È dunque empietà, Caino – la sua sordida voglia di affondare nelle carni di Eva, sua madre… – e comunque il seme che l’ha generato non è propriamente quello di Adamo ma del bellissimo Serpente: quello che con la mela offre alla donna anche l’irresistibile agguato tra le natiche per fecondarne – col sangue, nel Peccato originale – la radice del Male.

Lo stesso assalto che dopo, l’Arcangelo Stefano adopera su Eva ormai scacciata dall’Eden.

Mosso a commozione, l’angelo porge una cesta di frutta alla genitrice dell’umanità mentre quella, intanto – nuda, coperta da una sola foglia, giusto sulla natura – fa mostra del suo posteriore e la celeste creatura giustamente non ci vede più. Se la prende per i fianchi, la tiene a sé e nasce un altro bimbo: l’innocente Abele, radice del Bene.

Caino – puh!, torna lo sputo – è l’alterità insita nell’uomo. “Meritatamente uccise Abel suo fratello”, sentenzia dal rogo Giordano Bruno, “perché era un tristo carnefice d’animali”. Il tristo monaco – la testimonianza è raccolta da Camilleri – difende l’assassino. Anche Jorge Luis Borges ne trasfigura l’incubo descrivendo i due fratelli in un conciliabolo tutto di perdono. Nessuno tocchi Caino – manco a dirlo – ma sua è la Città del Male mentre la Città di Dio è quella di Abele sicché l’appetitosa verdura della felicità, per gli umani, non può avere altra pioggia che la redenzione celeste.
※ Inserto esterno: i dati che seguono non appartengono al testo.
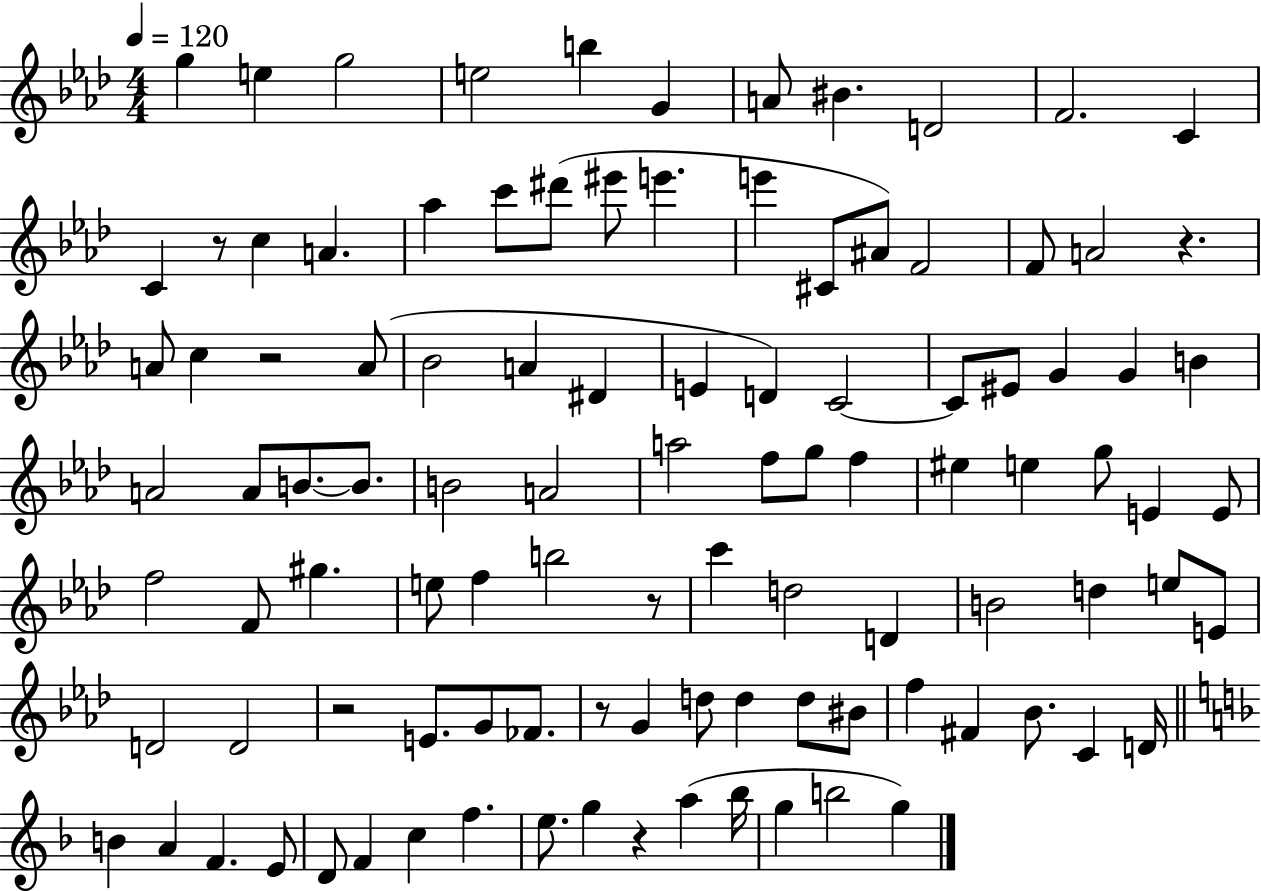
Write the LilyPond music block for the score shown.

{
  \clef treble
  \numericTimeSignature
  \time 4/4
  \key aes \major
  \tempo 4 = 120
  g''4 e''4 g''2 | e''2 b''4 g'4 | a'8 bis'4. d'2 | f'2. c'4 | \break c'4 r8 c''4 a'4. | aes''4 c'''8 dis'''8( eis'''8 e'''4. | e'''4 cis'8 ais'8) f'2 | f'8 a'2 r4. | \break a'8 c''4 r2 a'8( | bes'2 a'4 dis'4 | e'4 d'4) c'2~~ | c'8 eis'8 g'4 g'4 b'4 | \break a'2 a'8 b'8.~~ b'8. | b'2 a'2 | a''2 f''8 g''8 f''4 | eis''4 e''4 g''8 e'4 e'8 | \break f''2 f'8 gis''4. | e''8 f''4 b''2 r8 | c'''4 d''2 d'4 | b'2 d''4 e''8 e'8 | \break d'2 d'2 | r2 e'8. g'8 fes'8. | r8 g'4 d''8 d''4 d''8 bis'8 | f''4 fis'4 bes'8. c'4 d'16 | \break \bar "||" \break \key f \major b'4 a'4 f'4. e'8 | d'8 f'4 c''4 f''4. | e''8. g''4 r4 a''4( bes''16 | g''4 b''2 g''4) | \break \bar "|."
}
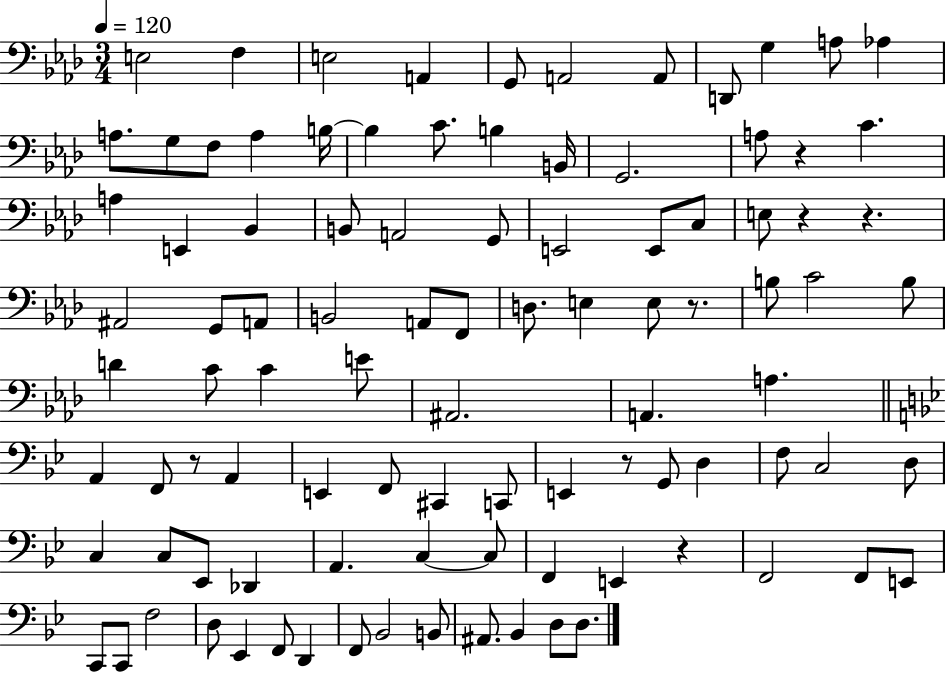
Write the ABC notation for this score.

X:1
T:Untitled
M:3/4
L:1/4
K:Ab
E,2 F, E,2 A,, G,,/2 A,,2 A,,/2 D,,/2 G, A,/2 _A, A,/2 G,/2 F,/2 A, B,/4 B, C/2 B, B,,/4 G,,2 A,/2 z C A, E,, _B,, B,,/2 A,,2 G,,/2 E,,2 E,,/2 C,/2 E,/2 z z ^A,,2 G,,/2 A,,/2 B,,2 A,,/2 F,,/2 D,/2 E, E,/2 z/2 B,/2 C2 B,/2 D C/2 C E/2 ^A,,2 A,, A, A,, F,,/2 z/2 A,, E,, F,,/2 ^C,, C,,/2 E,, z/2 G,,/2 D, F,/2 C,2 D,/2 C, C,/2 _E,,/2 _D,, A,, C, C,/2 F,, E,, z F,,2 F,,/2 E,,/2 C,,/2 C,,/2 F,2 D,/2 _E,, F,,/2 D,, F,,/2 _B,,2 B,,/2 ^A,,/2 _B,, D,/2 D,/2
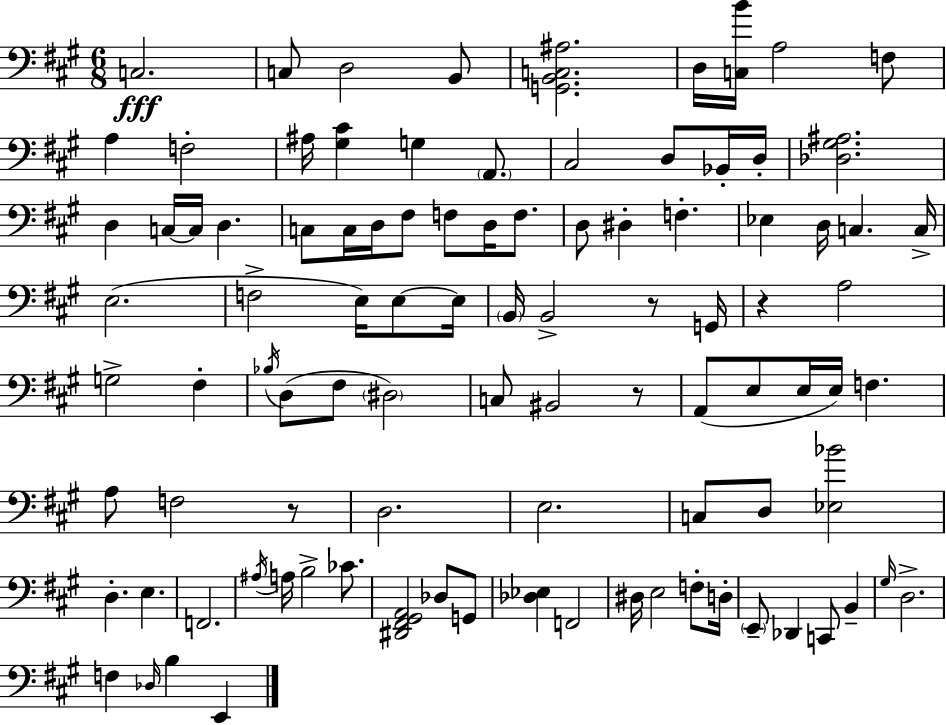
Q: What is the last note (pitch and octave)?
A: E2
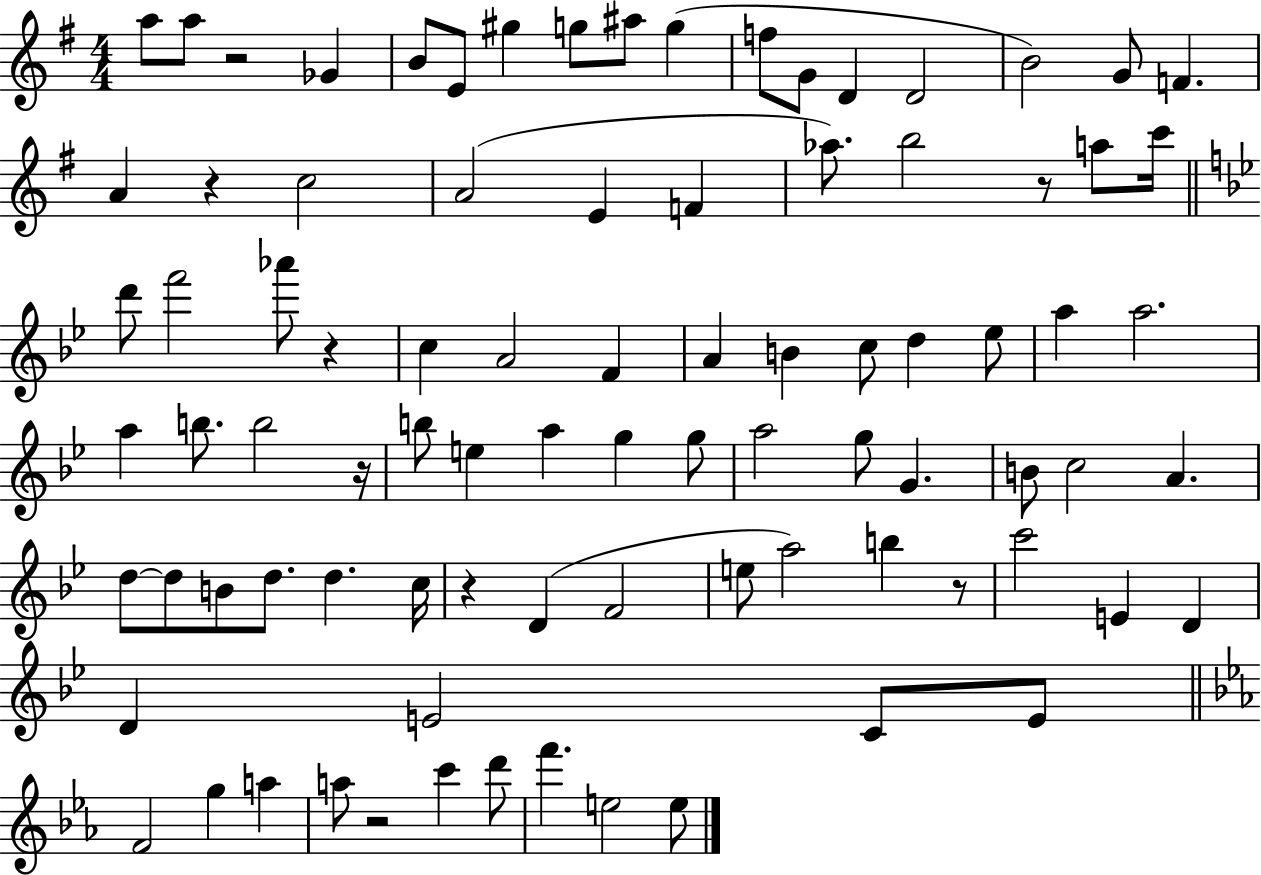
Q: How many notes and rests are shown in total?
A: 87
Una storia, questa di Caino, come mai si poteva immaginarne un’epica. È la sua autodifesa – le sue ragioni espresse innanzi al pubblico, come davanti a una corte giudicante – che ricalca, nella pratica teatrale, l’Apologia di Socrate.

Ogni cicuta ha una doppia valenza. Le radici religiose del capitalismo sono risolte in un solo nome, Caino, lo spiega – con Max Weber, Camilleri. E “inventore della vostra civiltà, la civiltà dell’uomo”, è Caino.

La Scrittura biblica – cui riferisce il racconto del fratricida – non porta in dote la tragicità d’Ellade, la potenza ctonia e aurorale dei titani, o la pietas di Zeus Padre e ci voleva il bastone del cuntista Camilleri a raccontare il fatto per come fu: intanto il primo uomo della storia non è Adamo. A precederlo ce ne sono ben undici, di suoi simili, sono nanetti da giardino – l’Eden – che Dio crea dal nulla per poi farli vivi con un sospiro, ma per assecondare il suo lato borghese, per decorare la Creazione. E la prima donna non è Eva, bensì Lilith, avvenente e maliziosa assai, desiderosa di cavalcare il maschio nell’amplesso e far al contrario, invece, mai: “Non mi faccio mettere sotto”, ringhia, pur seducente ma ad Adamo – cavalcato, subito dimenticato – tocca l’altra scelta. E comunque sì, si sa: “Non sempre dal bene nasce altro bene e non sempre il male genera altro male”.